Orhan Pamuk et la maison empoussiérée de sa grand-mère qui ne vit plus que dans sa chambre, dans son lit. Orhan Pamuk et la douleur de sa mère rejetée. Et pourtant la vie est là, dans cet enfant qui regarde par la fenêtre le courant d’Istanbul. La vie dans sa collection de cartes quand le drame se déroule… une séparation vue comme un arrière-fond à la centralité du jeu des enfants.
Orhan Pamuk aborde aussi son acte d’écriture. Le sentiment de provincialité et le souci d’authenticité dominent son regard sur la valise de son père et son action lorsqu’il est assis à sa table d’écriture. Ce sont ces douleurs secrètes qui pulsent son écriture. Et Orhan Pamuk nous offre sa vision de l’écrit non vain. Pour lui, c’est « parler des choses que tout le monde sait sans en avoir conscience »… « Le plaisir de parcourir en s’étonnant un monde familier ». Oui, il parle de ma vie, de mon monde, s’exclame-t-on lorsqu’une page nous saisit dans notre intimité qui ne parvient pas à se verbaliser.
Enfin Orhan Pamuk témoigne ici d’une reconnaissance essentielle pour son père qui lui a ouvert sa valise d’écrivain pour qu’il s’en empare, lui. Reconnaissance « de n’avoir pas été un père ordinaire, distribuant des ordres et des interdictions, qui écrase et punit et de m’avoir toujours respecté et laissé libre ». Laisser libre. Orhan Pamuk tient là l’acte d’amour, qui construit au lieu de fournir un plan préétabli auquel on se sent souvent obligé de se conformer, comme les autres, tout en ayant un sentiment d’irréalité de soi. Ce n’est pas ce que nous pensions de la vie, mais on est bien obligé…
Orhan Pamuk ajoute : « j’ai parfois cru que mon imagination pouvait fonctionner librement comme celle d’un enfant, parce que je ne connaissais pas la peur de perdre, contrairement à de nombreux amis de mon enfance et de ma jeunesse ». Son père, en le laissant libre a écarté de sa voie cette peur qui ronge tant nos générations, celle de perdre le plan qu’on nous a donné dès notre enfance, qui dessine chaque étape de notre vie.
Et j’aimerais laisser ici quelques uns de ses mots, comme des notes de musique sur sa partition d’écrivain :
« Pourquoi écrivez-vous ? » Et il répond : « j’écris parce que j’en ai envie. J’écris parce que je ne peux pas faire comme les autres un travail normal.
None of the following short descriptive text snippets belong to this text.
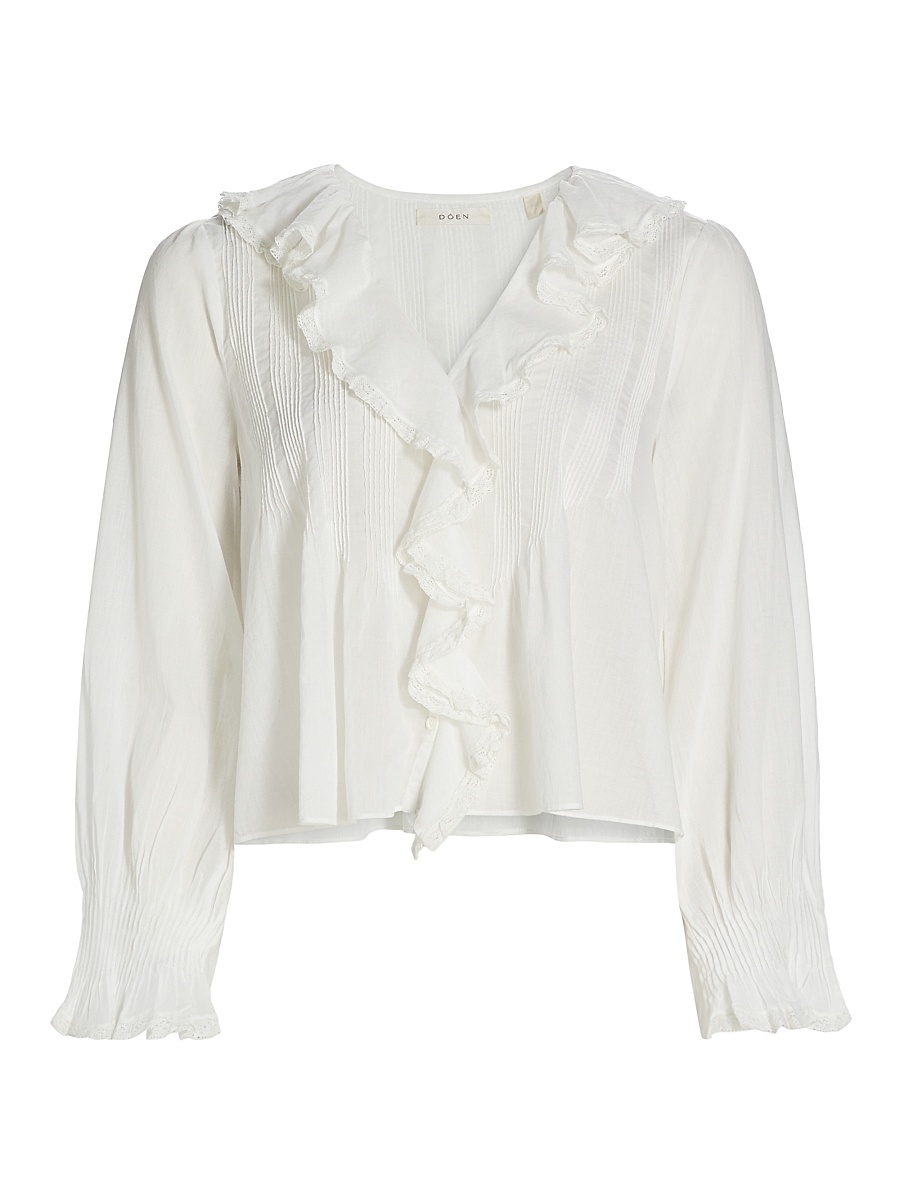 Women's Hardy Pintuck Cotton Shawl-Collar Blouse - Salt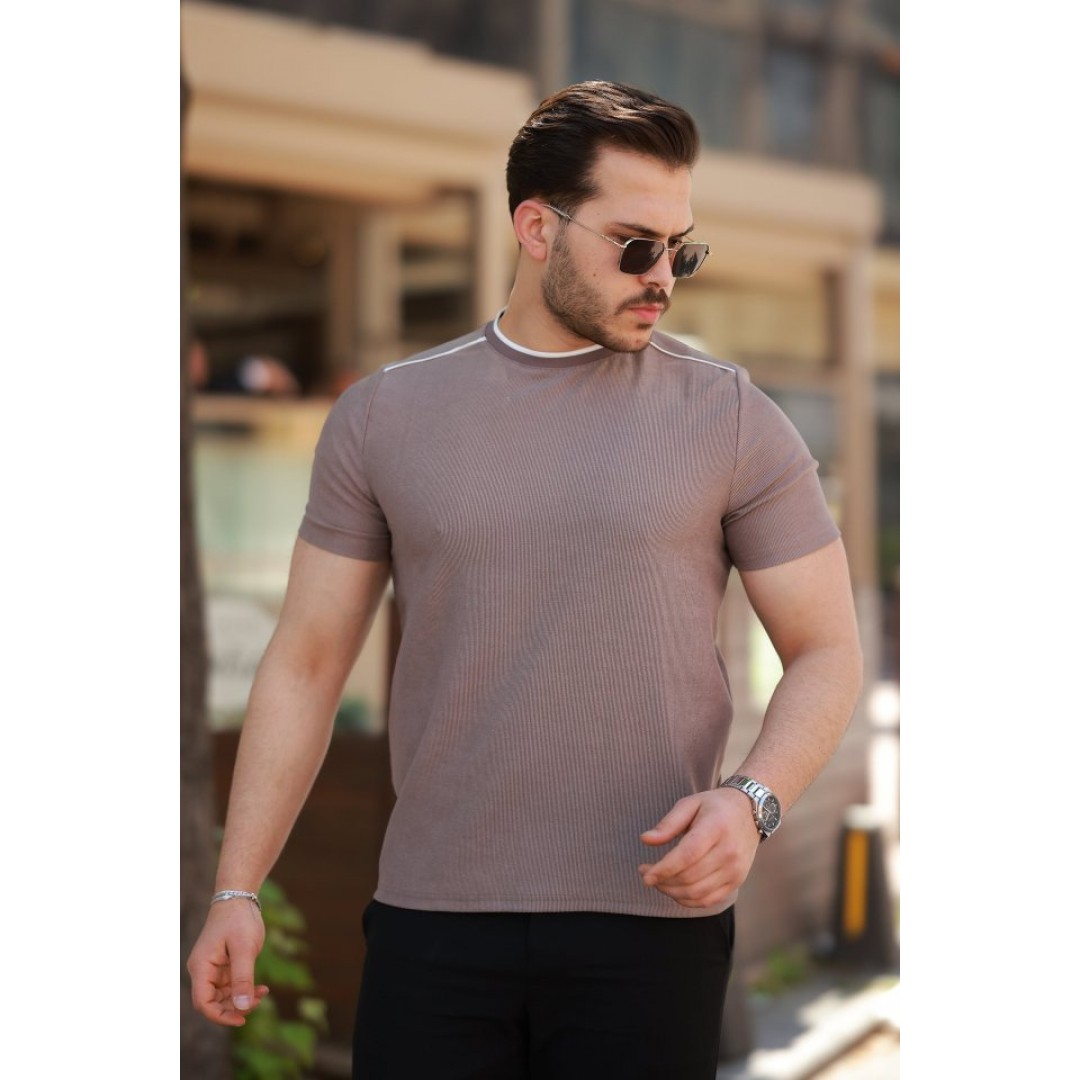 Erkek Omuzlar çizgi Detaylı Kısa Kollu T-shirt - 160098 Erkek Omuzlar çizgi Detaylı Kısa Kollu T-shirt - 160098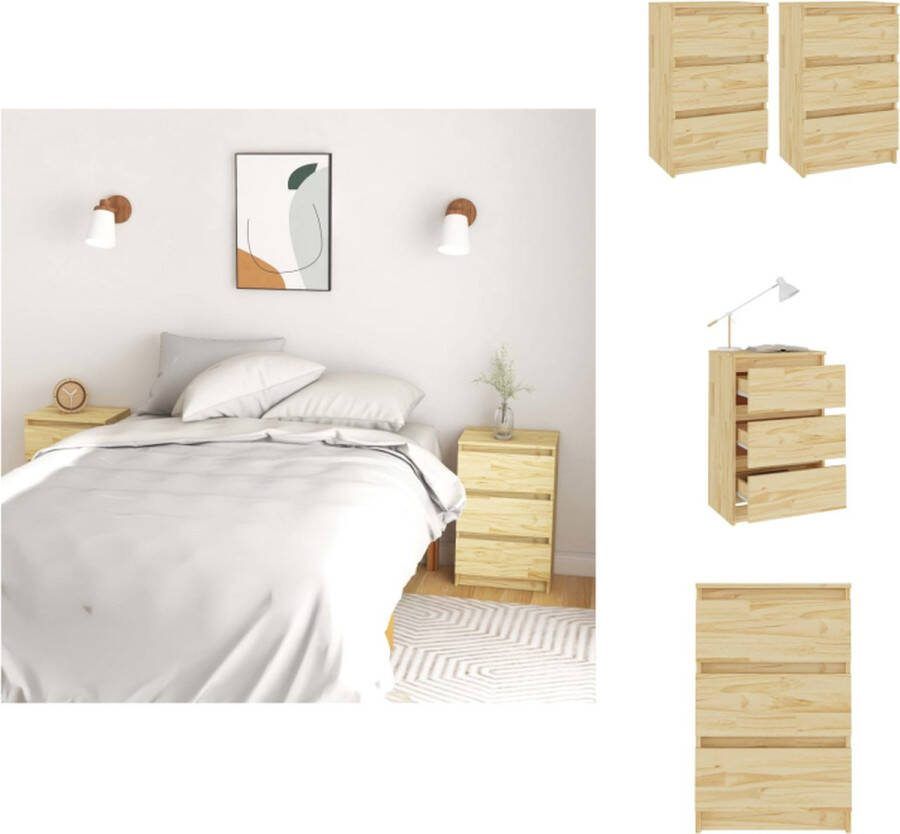 VidaXL Nachtkastjes Grenenhout Set van 2 40x29.5x64cm Rustieke Charme Kast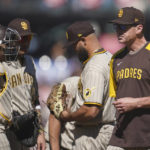 
              San Diego Padres manager Bob Melvin, right, walks off the mound during a pitching change in the eighth inning of a baseball game against the San Francisco Giants in San Francisco, Wednesday, Aug. 31, 2022. (AP Photo/Jeff Chiu)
J’écris pour que des livres comme les miens soient écrits et que je les lise. J’écris parce que je suis très fâché contre vous tous, contre tout le monde. J’écris parce qu’il me plaît de rester enfermé dans une chambre, à longueur de journée. J’écris parce que je ne peux supporter la réalité qu’en la modifiant. J’écris pour que le monde entier sache quel genre de vie nous avons vécue, nous vivons, moi, les autres, nous tous, à Istanbul, en Turquie. J’écris parce que j’aime l’odeur du papier et de l’encre. J’écris parce que je crois par-dessus tout à la littérature, à l’art du roman. J’écris parce que c’est une habitude et une passion. J’écris parce que je suis sensible à la célébrité et à l’intérêt que ça m’apporte. J’écris pour être seul. J’écris dans l’espoir de comprendre pourquoi je suis à ce point fâché avec vous tous, avec tout le monde. J’écris parce qu’il me plaît d’être lu. J’écris en me disant qu’il faut que je finisse ce roman, cette page que j’ai commencée. J’écris en me disant que c’est ce que tout le monde attend de moi. J’écris parce que je crois comme un enfant à l’immortalité des bibliothèques et à la place qu’y tiendront mes livres. J’écris parce que la vie, le monde, tout est incroyablement beau et étonnant. J’écris parce qu’il est plaisant de traduire en mots toute cette beauté et la richesse de la vie. J’écris non pas pour raconter des histoires, mais pour construire des histoires. J’écris pour échapper au sentiment que je ne peux atteindre tel lieu auquel j’aspire, comme dans les rêves. J’écris parce que je n’arrive pas à être heureux, quoi que je fasse. J’écris pour être heureux. »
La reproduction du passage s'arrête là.